C’è inoltre un voluto distacco da estremismi da separazione amministrativa, dietro ai quali non è difficile intravedere purtroppo anche il desiderio di appropriazione non meritata di spazi politici. Per dirla con una formula quasi matematica, sarebbe da evitare che la divisione del Comune porti solo alla moltiplicazione delle “careghe”.

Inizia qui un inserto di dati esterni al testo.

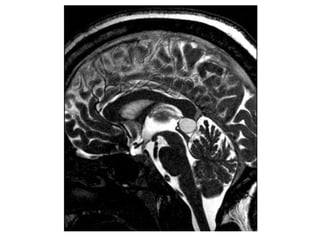 Diagnostic Imaging of Pineal Region Masses | PPT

Cercare poi di vedere Mestre anche come significativa città di transito, come insegnavano le guide turistiche del secolo scorso, che la definivano come “importante snodo stradale e ferroviario del nordest”. Da qui la scelta di parlare, e farsi raccontare la loro “mestrinità” da tutti, indigeni Doc e mestrini d’adozione e di “passaggio”. Ma anche gente di Marghera piuttosto che di Chirignago e Favaro, o addirittura “sconfinare” in provincia di Treviso, a Mogliano, dove di veneziani e mestrini ce ne sono non pochi.
Torniamo ai mestrini presenti, come sono finiti prima nel sito e poi nel libro Gente di Terraferma?

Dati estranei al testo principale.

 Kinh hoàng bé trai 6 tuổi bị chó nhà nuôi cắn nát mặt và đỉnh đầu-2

La scelta non è caduta solo su quelli che vi sono nati, ci hanno vissuto, ma anche su chi ha passato per vari motivi del tempo a Mestre. Ovvio che non ci siano molti personaggi famosi a vario titolo, ho dato poco spazio a certe figure di primo piano, ma ambigue, già note alle cronache cittadine, nel bene e nel male. Insomma niente eroi negativi, che non sono solo quelli della cronaca nera, ma anche i dottor Jekyll e mister Hyde di casa nostra.

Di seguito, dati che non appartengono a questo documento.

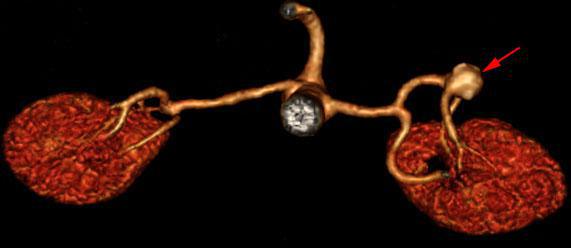 Aneurisma de arteria renal 1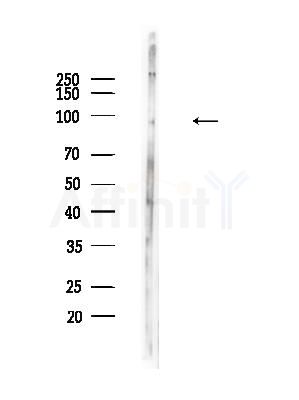 Phospho-Dynamin 1 (Ser774) Antibody - Western blot analysis of lysates from B16F10-LUC cells(heat-shock,45min treatment), using Phospho-Dynamin 1 (Ser774) Antibody at 1/1000 dilution.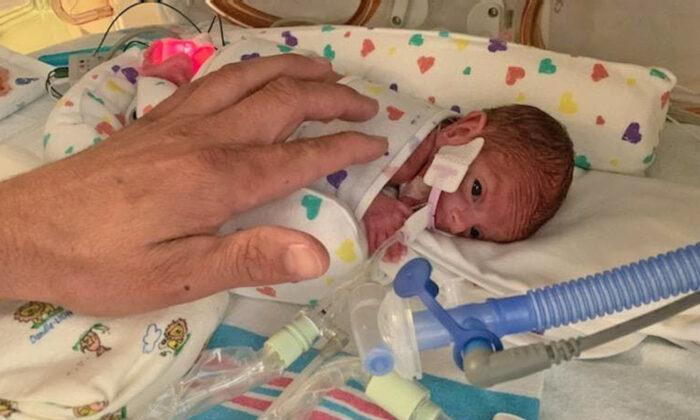 One-Pound ‘Micro-Preemie’ Born at 22 Weeks Goes Home After 133 Days in NICU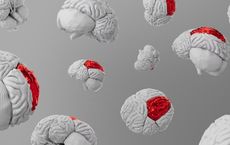 Article Image for Neurological Wearables for Concussion Detection in Contact Sports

Basti pensare a qualche figura di imprenditore, mascherata da filantropo. Quelli, per esempio, che da un lato si sono dati da fare creando spazi per la città e dall’altro sono scivolati su bucce di banana con problemi di tasse, contratti di lavoro, beghe legali. Oppure addirittura vicende giudiziarie. Insomma, per farla breve, chi predica bene e razzola male qui non c’è. Credo che in certi casi sia meglio passare per buonisti alla Fabio Fazio, invece che dare ulteriore visibilità a chi ne ha avuto anche troppa. Comunque, fra i presenti meno noti al grande pubblico, mi piace ricordare alcune interviste. Per esempio quelle al ciclista – ambientalista Pipa Pavan, alla maestra – biodanzatrice Mara D’Ambruoso, al ristoratore – melomane Tristano Bottazzo o all’insegnante – scrittore Alessandro Tiberini.
Sulla Mestre raccontata fra passato e futuro ci sono anche considerazioni critiche…
Molti dimenticano (o fanno finta di dimenticarsi) che Mestre non è mai stata sede di una signoria, come alcune città capoluogo del nord-est, né aveva un passato particolarmente nobile. Storia illustre o meno a parte, lo scorrere del tempo, la scarsa lungimiranza e le speculazioni edilizie hanno praticamente azzerato anche quel che di bello, storico o importante c’era. Come il caso del castello medievale e di qualche palazzo o villa veneta. Fino agli anni Settanta, con l’avvento dell’emittenza locale e di altri quotidiani, l’unica fonte di notizie era il Gazzettino. Le sue pagine dedicate all’informazione locale si chiamavano “Mestre e Terraferma”. Termine quest’ultimo che oggi a qualcuno non piace, perché sottolineerebbe una sudditanza al centro storico. Ma questo territorio è troppo complesso per essere legato o scisso dal centro storico, sono “due destini che si uniscono”, detta alla Tiromancino, ma che a volte si respingono, con tutte le problematiche del caso. Un’occasione per salvare capra e cavoli, ma anche per dare un senso allo status quo, potrebbe essere quella di ampliare realmente le competenze della città Metropolitana. Cosa per altro prevista dalla legge. Servirebbe però un coraggio da parte della classe politica che non sempre si intravede.